Posterior Uncertainty Quantification in Neural Networks using Data Augmentation
This work addresses uncertainty estimation for deep learning practitioners, offering an incremental improvement by refining predictive distributions using established augmentation techniques.
The paper tackles uncertainty quantification in deep learning by proposing MixupMP, a method that uses data augmentation to create a more realistic predictive distribution, addressing limitations of deep ensembling. It shows that MixupMP achieves superior predictive performance and uncertainty quantification on image classification datasets compared to existing methods.

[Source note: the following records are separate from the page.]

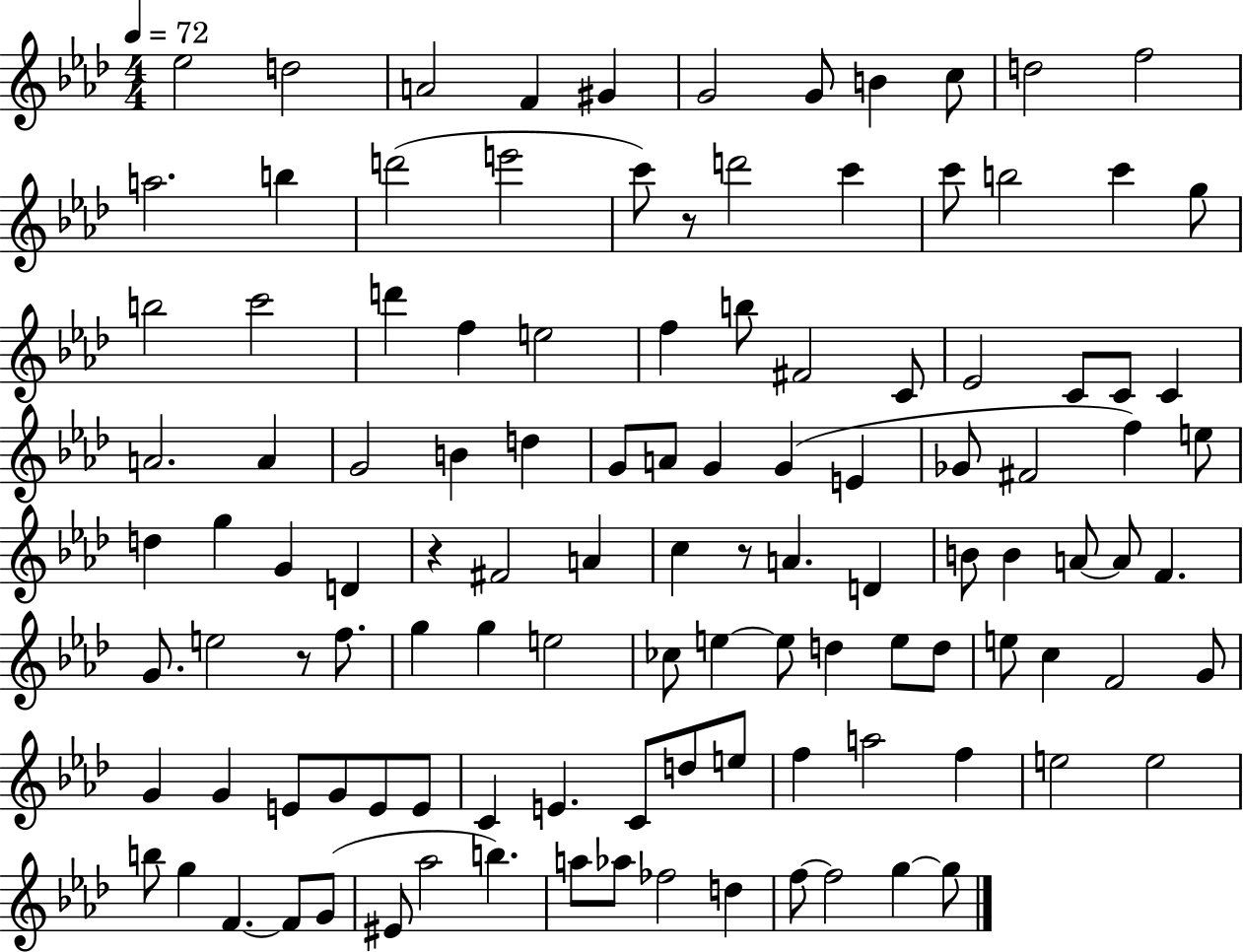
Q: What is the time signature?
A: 4/4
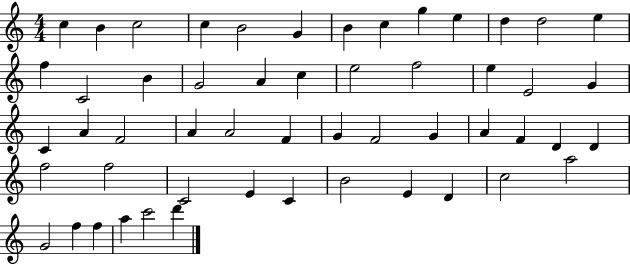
X:1
T:Untitled
M:4/4
L:1/4
K:C
c B c2 c B2 G B c g e d d2 e f C2 B G2 A c e2 f2 e E2 G C A F2 A A2 F G F2 G A F D D f2 f2 C2 E C B2 E D c2 a2 G2 f f a c'2 d'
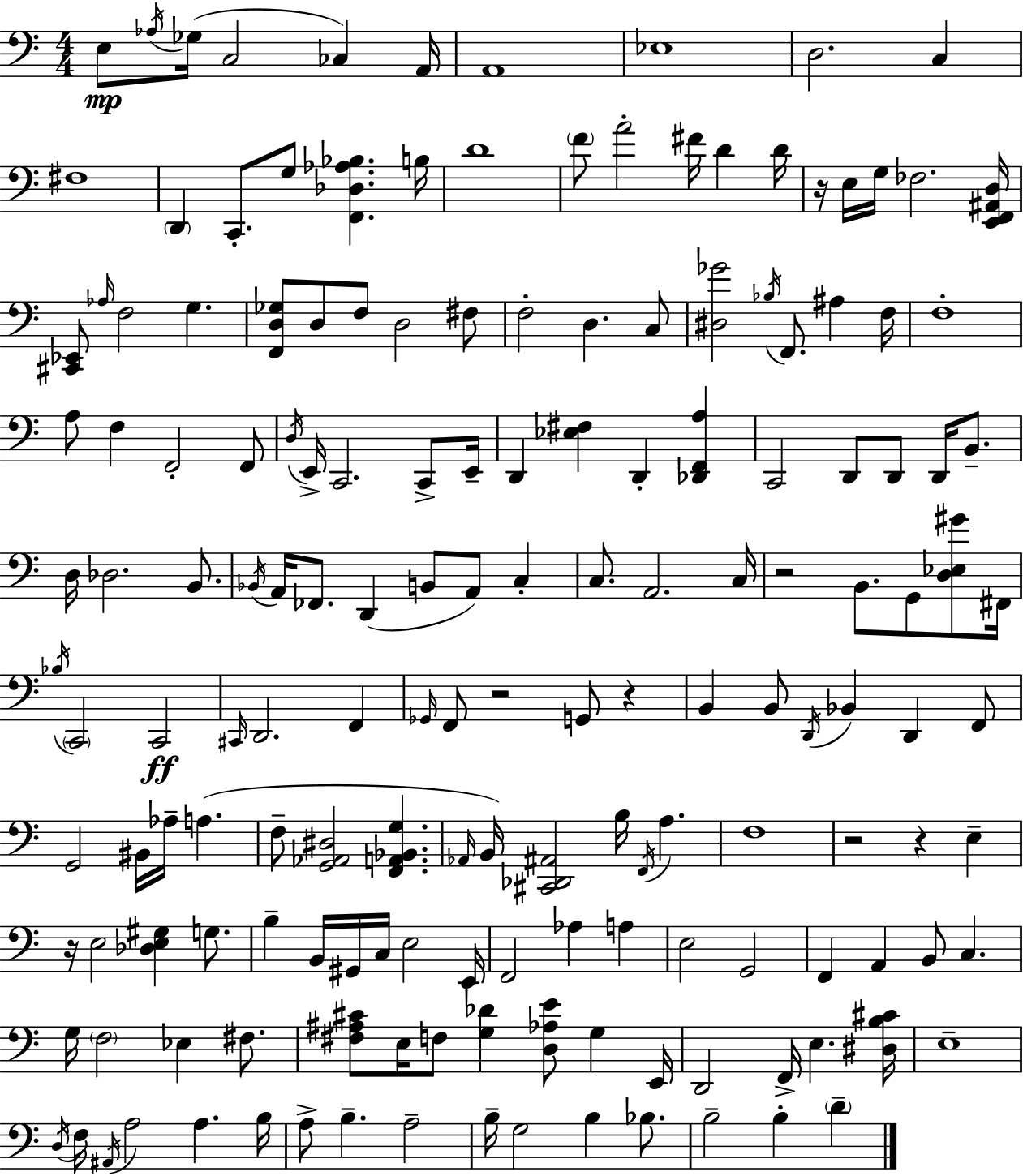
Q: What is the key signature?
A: A minor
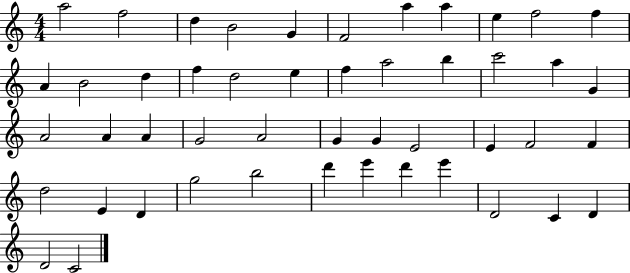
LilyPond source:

{
  \clef treble
  \numericTimeSignature
  \time 4/4
  \key c \major
  a''2 f''2 | d''4 b'2 g'4 | f'2 a''4 a''4 | e''4 f''2 f''4 | \break a'4 b'2 d''4 | f''4 d''2 e''4 | f''4 a''2 b''4 | c'''2 a''4 g'4 | \break a'2 a'4 a'4 | g'2 a'2 | g'4 g'4 e'2 | e'4 f'2 f'4 | \break d''2 e'4 d'4 | g''2 b''2 | d'''4 e'''4 d'''4 e'''4 | d'2 c'4 d'4 | \break d'2 c'2 | \bar "|."
}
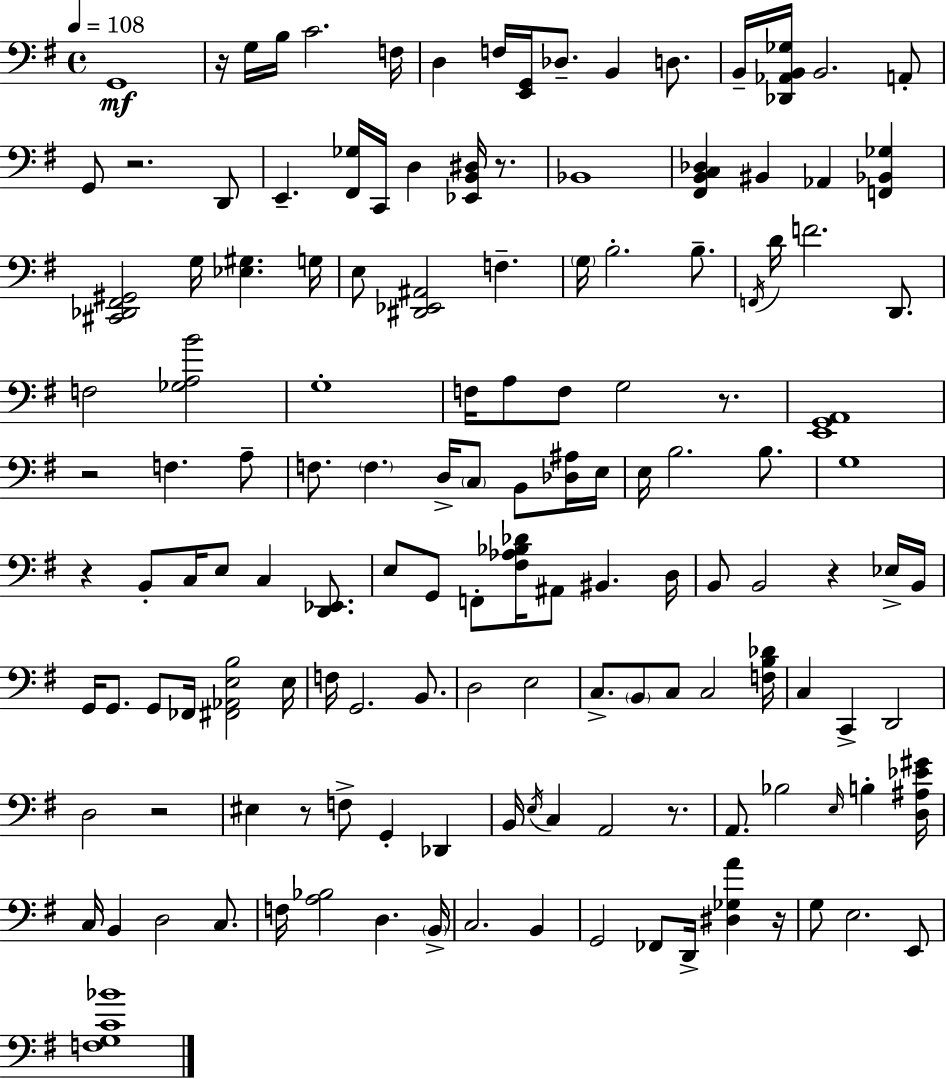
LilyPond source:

{
  \clef bass
  \time 4/4
  \defaultTimeSignature
  \key e \minor
  \tempo 4 = 108
  \repeat volta 2 { g,1\mf | r16 g16 b16 c'2. f16 | d4 f16 <e, g,>16 des8.-- b,4 d8. | b,16-- <des, aes, b, ges>16 b,2. a,8-. | \break g,8 r2. d,8 | e,4.-- <fis, ges>16 c,16 d4 <ees, b, dis>16 r8. | bes,1 | <fis, b, c des>4 bis,4 aes,4 <f, bes, ges>4 | \break <cis, des, fis, gis,>2 g16 <ees gis>4. g16 | e8 <dis, ees, ais,>2 f4.-- | \parenthesize g16 b2.-. b8.-- | \acciaccatura { f,16 } d'16 f'2. d,8. | \break f2 <ges a b'>2 | g1-. | f16 a8 f8 g2 r8. | <e, g, a,>1 | \break r2 f4. a8-- | f8. \parenthesize f4. d16-> \parenthesize c8 b,8 <des ais>16 | e16 e16 b2. b8. | g1 | \break r4 b,8-. c16 e8 c4 <d, ees,>8. | e8 g,8 f,8-. <fis aes bes des'>16 ais,8 bis,4. | d16 b,8 b,2 r4 ees16-> | b,16 g,16 g,8. g,8 fes,16 <fis, aes, e b>2 | \break e16 f16 g,2. b,8. | d2 e2 | c8.-> \parenthesize b,8 c8 c2 | <f b des'>16 c4 c,4-> d,2 | \break d2 r2 | eis4 r8 f8-> g,4-. des,4 | b,16 \acciaccatura { e16 } c4 a,2 r8. | a,8. bes2 \grace { e16 } b4-. | \break <d ais ees' gis'>16 c16 b,4 d2 | c8. f16 <a bes>2 d4. | \parenthesize b,16-> c2. b,4 | g,2 fes,8 d,16-> <dis ges a'>4 | \break r16 g8 e2. | e,8 <f g c' bes'>1 | } \bar "|."
}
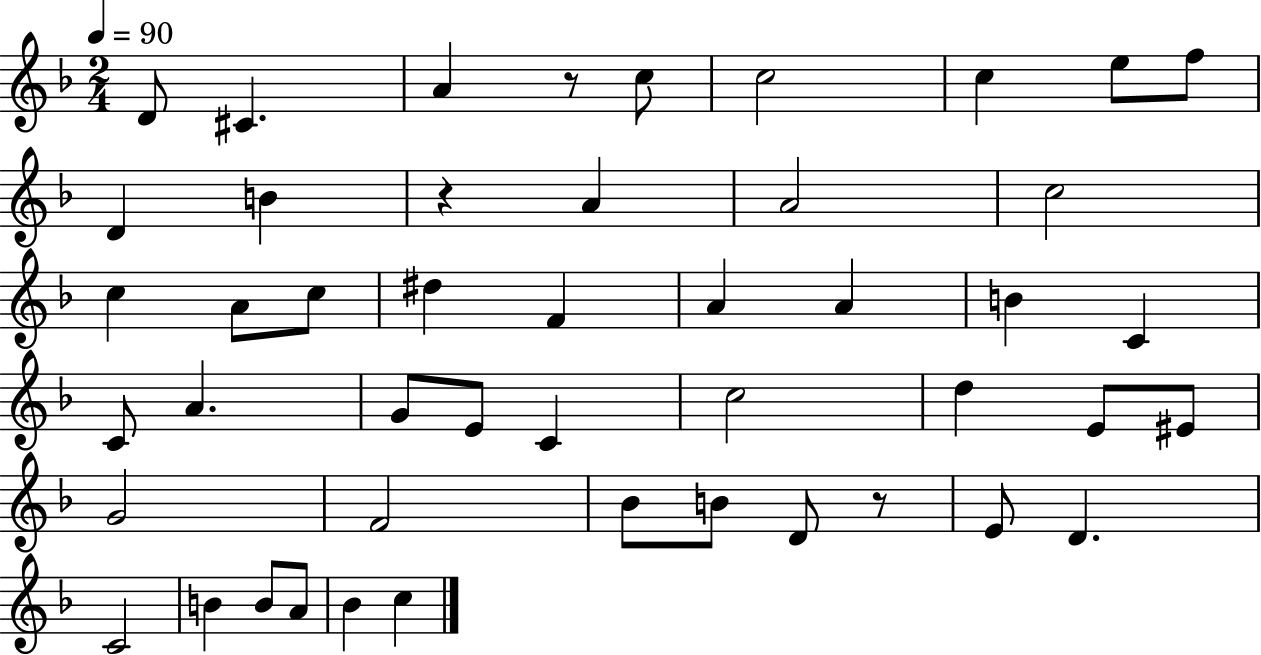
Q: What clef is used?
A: treble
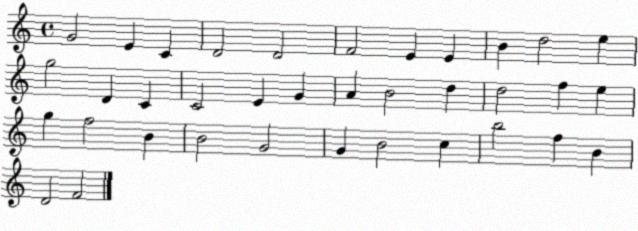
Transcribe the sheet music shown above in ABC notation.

X:1
T:Untitled
M:4/4
L:1/4
K:C
G2 E C D2 D2 F2 E E B d2 e g2 D C C2 E G A B2 d d2 f e g f2 B B2 G2 G B2 c b2 f B D2 F2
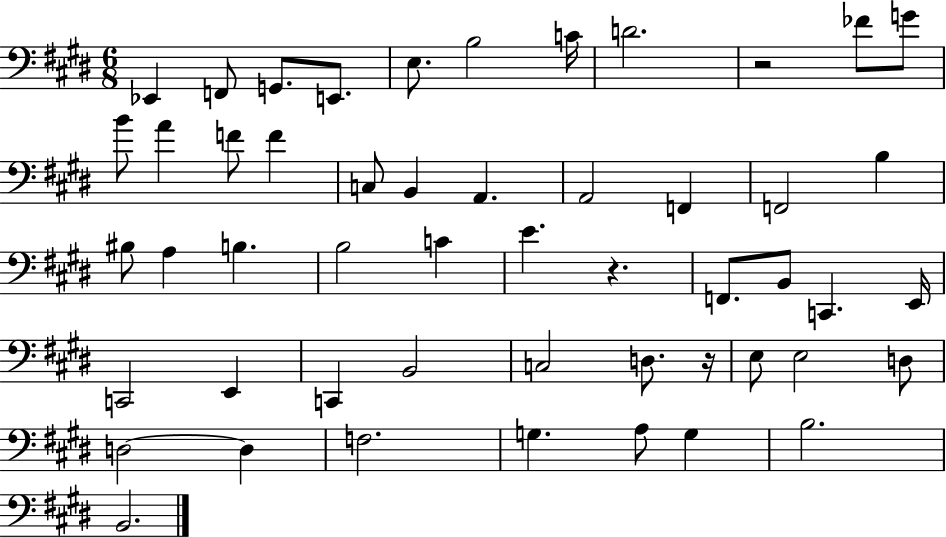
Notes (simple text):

Eb2/q F2/e G2/e. E2/e. E3/e. B3/h C4/s D4/h. R/h FES4/e G4/e B4/e A4/q F4/e F4/q C3/e B2/q A2/q. A2/h F2/q F2/h B3/q BIS3/e A3/q B3/q. B3/h C4/q E4/q. R/q. F2/e. B2/e C2/q. E2/s C2/h E2/q C2/q B2/h C3/h D3/e. R/s E3/e E3/h D3/e D3/h D3/q F3/h. G3/q. A3/e G3/q B3/h. B2/h.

In this paper, we approach the problem of uncertainty quantification in deep learning through a predictive framework, which captures uncertainty in model parameters by specifying our assumptions about the predictive distribution of unseen future data. Under this view, we show that deep ensembling (Lakshminarayanan et al., 2017) is a fundamentally mis-specified model class, since it assumes that future data are supported on existing observations only -- a situation rarely encountered in practice. To address this limitation, we propose MixupMP, a method that constructs a more realistic predictive distribution using popular data augmentation techniques. MixupMP operates as a drop-in replacement for deep ensembles, where each ensemble member is trained on a random simulation from this predictive distribution. Grounded in the recently-proposed framework of Martingale posteriors (Fong et al., 2023), MixupMP returns samples from an implicitly defined Bayesian posterior. Our empirical analysis showcases that MixupMP achieves superior predictive performance and uncertainty quantification on various image classification datasets, when compared with existing Bayesian and non-Bayesian approaches.